There can be no assurance that Focal will obtain the required regulatory
approvals, or successfully develop, manufacture, commercialize and market 
products or that the Company will ever achieve profitability.

                                      -8-

<PAGE>

The Company introduced its first commercial product, FocalSeal-L for lung 
surgery indications, in Europe in March 1998 through its strategic marketing 
alliance with Ethicon. The Company anticipates that revenues derived from 
European sales of the Company's FocalSeal surgical sealants will account for 
a substantial majority of the Company's near term product revenues. The 
Company has obtained a CE mark to market FocalSeal surgical sealant in the 
member countries of the European Union.

RESULTS OF OPERATIONS

Three months ended March 31, 1998, compared to three months 
ended March 31, 1997

Revenues for the quarter ended March 31, 1998, decreased to $1.9 million from 
$8.9 million for the quarter ended March 31, 1997, due to receipt of a 
one-time payment of $7.0 million in connection with the strategic alliance 
for surgical sealant products entered into with Ethicon in January 1997. 
Additionally, the quarterly funding under this alliance has decreased from 
$1.25 million per quarter in 1997 to $750,000 per quarter in 1998 pursuant to 
the provisions of the Company's agreement with Ethicon. Included in revenues 
for the quarter ended March 31, 1998 were $712,000 of product revenues 
relating to product sales to Ethicon in connection with commercial 
introduction of the FocalSeal-L product in Europe.

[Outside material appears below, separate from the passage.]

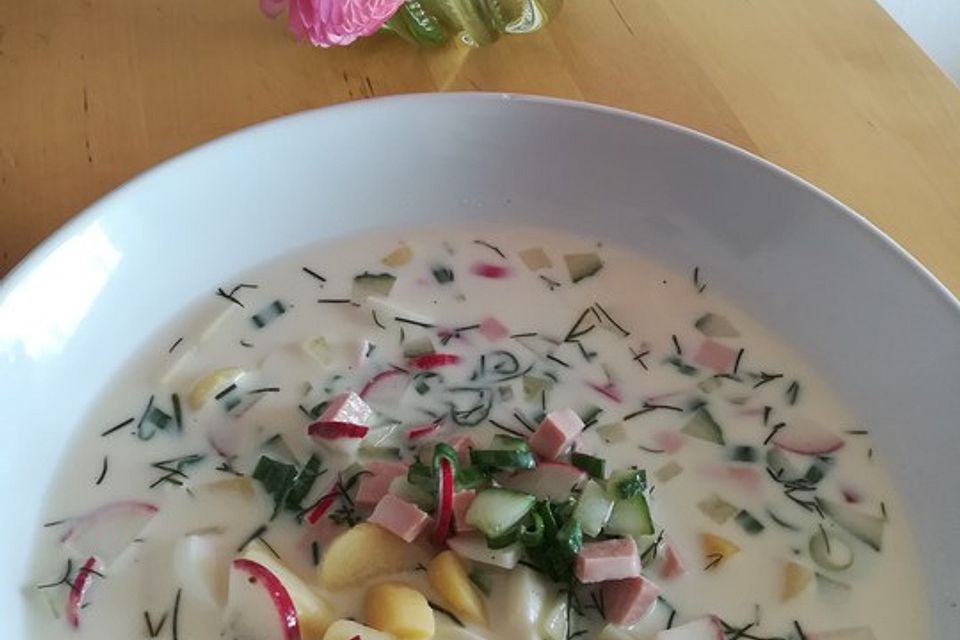 Russische Sommersuppe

Cost of goods sold for the quarter ended March 31, 1998 of $730,000 were 
recorded relating to the commercial release of the Company's FocalSeal-L 
product. There was no cost of goods sold for the corresponding quarter in 
1997 because the Company had no revenues related to product sales.

Research and development expenses increased to $3,958,000 for the quarter 
ended March 31, 1998, from $3,241,000 for the quarter ended March 31, 1997. 
This increase resulted from the hiring of additional research and development 
personnel, increased clinical trial expenses related to the Company's 
FocalSeal-L surgical sealant for lung surgery, and increased pre-clinical 
activities related to the Company's FocalSeal-S surgical sealant for 
neurosurgery.

General and administrative expenses increased to $935,000 for the quarter 
ended March 31, 1998, from $782,000 for the quarter ended March 31, 1997. 
General and administrative expenses during these periods consisted primarily 
of personnel costs, which increased due to the hiring of additional personnel 
in administration, human resources, and finance.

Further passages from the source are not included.